▸ Short descriptive text snippets:
========
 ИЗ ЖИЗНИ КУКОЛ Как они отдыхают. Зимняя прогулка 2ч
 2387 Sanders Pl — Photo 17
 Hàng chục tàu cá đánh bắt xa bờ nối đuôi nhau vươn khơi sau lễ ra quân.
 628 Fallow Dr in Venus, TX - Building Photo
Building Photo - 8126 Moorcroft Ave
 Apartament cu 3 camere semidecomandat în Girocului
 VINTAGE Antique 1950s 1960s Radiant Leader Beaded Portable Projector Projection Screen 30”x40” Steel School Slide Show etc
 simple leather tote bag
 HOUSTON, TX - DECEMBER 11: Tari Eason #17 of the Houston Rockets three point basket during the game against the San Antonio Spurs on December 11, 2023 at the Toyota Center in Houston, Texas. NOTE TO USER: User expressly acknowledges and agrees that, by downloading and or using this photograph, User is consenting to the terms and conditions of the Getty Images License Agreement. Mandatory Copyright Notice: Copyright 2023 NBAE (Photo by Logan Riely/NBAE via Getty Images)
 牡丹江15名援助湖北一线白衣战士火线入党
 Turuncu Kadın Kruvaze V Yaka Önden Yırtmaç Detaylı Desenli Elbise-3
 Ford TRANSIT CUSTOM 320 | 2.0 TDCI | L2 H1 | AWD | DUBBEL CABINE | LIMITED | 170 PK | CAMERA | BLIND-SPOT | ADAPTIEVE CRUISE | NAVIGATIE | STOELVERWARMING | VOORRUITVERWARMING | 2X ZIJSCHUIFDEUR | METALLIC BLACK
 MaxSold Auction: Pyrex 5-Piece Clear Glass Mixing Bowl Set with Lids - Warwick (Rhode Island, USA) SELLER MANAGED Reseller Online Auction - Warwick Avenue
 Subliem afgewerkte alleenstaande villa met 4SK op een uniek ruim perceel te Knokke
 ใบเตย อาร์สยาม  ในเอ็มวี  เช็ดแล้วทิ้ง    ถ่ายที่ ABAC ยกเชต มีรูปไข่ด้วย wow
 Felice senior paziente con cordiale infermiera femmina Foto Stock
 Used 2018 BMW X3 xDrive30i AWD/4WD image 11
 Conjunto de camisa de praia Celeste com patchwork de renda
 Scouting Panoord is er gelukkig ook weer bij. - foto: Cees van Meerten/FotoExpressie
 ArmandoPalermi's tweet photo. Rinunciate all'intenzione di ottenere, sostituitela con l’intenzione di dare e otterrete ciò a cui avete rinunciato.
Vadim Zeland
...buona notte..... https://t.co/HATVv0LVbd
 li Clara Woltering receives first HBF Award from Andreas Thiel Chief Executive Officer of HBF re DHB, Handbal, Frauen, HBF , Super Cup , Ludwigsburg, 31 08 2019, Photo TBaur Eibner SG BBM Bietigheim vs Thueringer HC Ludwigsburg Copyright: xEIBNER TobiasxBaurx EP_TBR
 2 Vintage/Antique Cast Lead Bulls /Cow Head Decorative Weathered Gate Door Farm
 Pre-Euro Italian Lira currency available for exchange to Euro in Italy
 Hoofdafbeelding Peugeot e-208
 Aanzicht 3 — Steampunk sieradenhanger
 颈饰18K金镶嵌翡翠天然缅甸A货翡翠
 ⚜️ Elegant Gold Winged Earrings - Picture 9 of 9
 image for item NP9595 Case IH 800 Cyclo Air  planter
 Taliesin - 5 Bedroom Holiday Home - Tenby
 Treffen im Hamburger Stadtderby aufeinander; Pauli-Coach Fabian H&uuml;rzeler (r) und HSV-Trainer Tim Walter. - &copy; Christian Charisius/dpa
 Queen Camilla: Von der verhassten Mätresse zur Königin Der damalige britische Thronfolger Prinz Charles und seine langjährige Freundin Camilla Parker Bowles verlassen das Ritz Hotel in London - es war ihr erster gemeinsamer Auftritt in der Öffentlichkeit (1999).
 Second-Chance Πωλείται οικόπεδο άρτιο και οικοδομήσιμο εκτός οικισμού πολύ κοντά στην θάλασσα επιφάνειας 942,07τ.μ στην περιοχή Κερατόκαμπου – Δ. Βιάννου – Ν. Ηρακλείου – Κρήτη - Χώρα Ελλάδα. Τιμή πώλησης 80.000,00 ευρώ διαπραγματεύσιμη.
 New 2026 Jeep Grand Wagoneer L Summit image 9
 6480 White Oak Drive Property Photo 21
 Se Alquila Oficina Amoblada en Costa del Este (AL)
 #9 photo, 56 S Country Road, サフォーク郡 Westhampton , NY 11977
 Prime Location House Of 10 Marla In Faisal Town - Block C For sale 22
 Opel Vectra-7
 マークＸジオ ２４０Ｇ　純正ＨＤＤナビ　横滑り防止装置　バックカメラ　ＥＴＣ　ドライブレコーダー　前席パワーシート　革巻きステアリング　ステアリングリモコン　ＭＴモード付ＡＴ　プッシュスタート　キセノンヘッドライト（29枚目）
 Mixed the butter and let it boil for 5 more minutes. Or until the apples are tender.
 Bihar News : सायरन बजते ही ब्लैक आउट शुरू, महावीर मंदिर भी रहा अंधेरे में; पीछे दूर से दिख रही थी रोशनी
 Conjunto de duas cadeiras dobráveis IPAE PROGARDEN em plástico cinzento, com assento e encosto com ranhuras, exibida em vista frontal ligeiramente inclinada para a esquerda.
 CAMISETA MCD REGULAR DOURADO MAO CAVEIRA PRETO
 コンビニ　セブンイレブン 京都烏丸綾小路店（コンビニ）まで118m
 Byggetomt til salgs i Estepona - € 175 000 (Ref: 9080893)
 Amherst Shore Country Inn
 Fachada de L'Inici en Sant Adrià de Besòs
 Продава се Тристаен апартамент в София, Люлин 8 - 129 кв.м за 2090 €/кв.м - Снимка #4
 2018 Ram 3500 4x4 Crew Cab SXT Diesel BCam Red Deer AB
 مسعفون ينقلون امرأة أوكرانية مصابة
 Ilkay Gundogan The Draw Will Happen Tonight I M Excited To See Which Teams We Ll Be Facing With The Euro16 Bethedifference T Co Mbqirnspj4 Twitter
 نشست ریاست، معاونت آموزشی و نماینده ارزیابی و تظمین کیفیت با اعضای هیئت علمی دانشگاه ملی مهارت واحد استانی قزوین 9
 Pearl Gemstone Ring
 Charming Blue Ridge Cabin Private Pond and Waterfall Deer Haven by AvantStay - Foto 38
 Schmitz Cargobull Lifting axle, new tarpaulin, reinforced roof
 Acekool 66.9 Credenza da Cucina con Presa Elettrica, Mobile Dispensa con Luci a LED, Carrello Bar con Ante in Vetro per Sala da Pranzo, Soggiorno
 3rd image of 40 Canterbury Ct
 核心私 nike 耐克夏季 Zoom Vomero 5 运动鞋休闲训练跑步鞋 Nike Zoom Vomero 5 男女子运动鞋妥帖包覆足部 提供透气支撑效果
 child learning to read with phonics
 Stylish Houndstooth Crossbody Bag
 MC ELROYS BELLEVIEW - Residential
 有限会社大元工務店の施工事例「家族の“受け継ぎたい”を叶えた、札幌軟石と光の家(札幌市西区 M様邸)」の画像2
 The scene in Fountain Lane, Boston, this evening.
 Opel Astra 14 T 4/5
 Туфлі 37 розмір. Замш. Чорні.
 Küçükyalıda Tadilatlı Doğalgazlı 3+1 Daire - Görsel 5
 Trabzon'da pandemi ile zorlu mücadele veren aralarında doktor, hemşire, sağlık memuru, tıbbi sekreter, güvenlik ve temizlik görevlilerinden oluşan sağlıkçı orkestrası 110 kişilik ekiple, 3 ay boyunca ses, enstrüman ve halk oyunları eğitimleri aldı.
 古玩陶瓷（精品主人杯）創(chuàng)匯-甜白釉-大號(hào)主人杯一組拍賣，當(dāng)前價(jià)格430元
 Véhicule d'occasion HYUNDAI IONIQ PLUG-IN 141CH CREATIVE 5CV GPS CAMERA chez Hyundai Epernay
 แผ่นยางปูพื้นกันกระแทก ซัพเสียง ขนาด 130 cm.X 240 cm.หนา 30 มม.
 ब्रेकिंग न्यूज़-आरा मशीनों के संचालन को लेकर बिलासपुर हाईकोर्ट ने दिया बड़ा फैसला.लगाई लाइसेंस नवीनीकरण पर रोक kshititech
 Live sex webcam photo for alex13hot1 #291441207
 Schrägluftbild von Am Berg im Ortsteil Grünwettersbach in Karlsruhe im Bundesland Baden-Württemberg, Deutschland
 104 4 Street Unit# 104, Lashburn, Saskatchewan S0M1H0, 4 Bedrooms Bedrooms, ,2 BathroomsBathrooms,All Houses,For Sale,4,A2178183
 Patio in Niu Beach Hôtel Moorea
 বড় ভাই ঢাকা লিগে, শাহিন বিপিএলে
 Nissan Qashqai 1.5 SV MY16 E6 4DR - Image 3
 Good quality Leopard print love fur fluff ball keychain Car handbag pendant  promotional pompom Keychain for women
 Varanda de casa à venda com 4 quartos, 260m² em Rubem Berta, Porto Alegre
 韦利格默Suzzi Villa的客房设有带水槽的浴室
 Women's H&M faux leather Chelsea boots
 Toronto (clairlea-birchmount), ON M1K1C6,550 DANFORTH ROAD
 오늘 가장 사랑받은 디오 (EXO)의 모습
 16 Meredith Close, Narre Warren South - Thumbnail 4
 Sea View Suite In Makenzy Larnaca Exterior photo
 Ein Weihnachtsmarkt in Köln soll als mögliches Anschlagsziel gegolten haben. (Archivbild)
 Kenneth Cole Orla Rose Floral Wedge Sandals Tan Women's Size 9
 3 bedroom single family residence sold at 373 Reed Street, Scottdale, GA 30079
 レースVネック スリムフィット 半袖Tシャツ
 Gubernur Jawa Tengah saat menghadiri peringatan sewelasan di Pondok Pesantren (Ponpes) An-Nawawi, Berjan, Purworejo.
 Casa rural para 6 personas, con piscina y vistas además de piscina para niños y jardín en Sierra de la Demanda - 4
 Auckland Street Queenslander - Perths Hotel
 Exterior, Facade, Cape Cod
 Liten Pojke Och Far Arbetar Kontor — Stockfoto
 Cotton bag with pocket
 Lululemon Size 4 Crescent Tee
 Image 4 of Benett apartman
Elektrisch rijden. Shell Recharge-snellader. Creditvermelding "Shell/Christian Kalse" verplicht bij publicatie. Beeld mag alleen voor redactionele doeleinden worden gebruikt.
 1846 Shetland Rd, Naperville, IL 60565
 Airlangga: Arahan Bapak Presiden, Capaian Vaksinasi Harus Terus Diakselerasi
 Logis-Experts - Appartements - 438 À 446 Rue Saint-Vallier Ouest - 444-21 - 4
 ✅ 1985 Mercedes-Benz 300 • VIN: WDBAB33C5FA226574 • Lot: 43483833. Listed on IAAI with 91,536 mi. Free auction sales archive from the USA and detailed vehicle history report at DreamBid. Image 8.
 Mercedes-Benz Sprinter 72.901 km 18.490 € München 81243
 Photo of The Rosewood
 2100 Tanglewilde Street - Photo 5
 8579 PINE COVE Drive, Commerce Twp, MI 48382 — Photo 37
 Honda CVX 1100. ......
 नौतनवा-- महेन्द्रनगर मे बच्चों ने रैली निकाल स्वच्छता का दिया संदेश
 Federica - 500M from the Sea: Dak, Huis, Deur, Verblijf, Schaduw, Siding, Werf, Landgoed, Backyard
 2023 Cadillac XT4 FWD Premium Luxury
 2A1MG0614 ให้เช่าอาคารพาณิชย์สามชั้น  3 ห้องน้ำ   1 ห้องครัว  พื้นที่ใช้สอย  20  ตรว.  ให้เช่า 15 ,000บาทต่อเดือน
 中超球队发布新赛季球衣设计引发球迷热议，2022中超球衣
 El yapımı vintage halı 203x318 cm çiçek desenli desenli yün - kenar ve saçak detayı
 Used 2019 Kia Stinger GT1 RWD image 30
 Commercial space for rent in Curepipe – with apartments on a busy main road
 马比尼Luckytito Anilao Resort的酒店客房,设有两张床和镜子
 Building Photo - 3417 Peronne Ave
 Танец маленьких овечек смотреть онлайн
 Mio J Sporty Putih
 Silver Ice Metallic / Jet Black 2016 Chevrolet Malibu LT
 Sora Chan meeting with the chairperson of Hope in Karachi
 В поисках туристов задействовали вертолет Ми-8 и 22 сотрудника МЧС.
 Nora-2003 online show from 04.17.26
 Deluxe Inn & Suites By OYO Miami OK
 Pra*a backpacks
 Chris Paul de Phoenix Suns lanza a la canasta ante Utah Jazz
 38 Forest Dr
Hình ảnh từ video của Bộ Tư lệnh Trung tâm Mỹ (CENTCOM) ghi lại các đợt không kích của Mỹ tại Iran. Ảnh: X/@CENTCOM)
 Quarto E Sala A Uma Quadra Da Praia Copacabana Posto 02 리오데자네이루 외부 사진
========
▸ Exercise aim:
Please return all lines from the records that hold the word "Hotel".

▸ Expected output:
 Queen Camilla: Von der verhassten Mätresse zur Königin Der damalige britische Thronfolger Prinz Charles und seine langjährige Freundin Camilla Parker Bowles verlassen das Ritz Hotel in London - es war ihr erster gemeinsamer Auftritt in der Öffentlichkeit (1999).
 Auckland Street Queenslander - Perths Hotel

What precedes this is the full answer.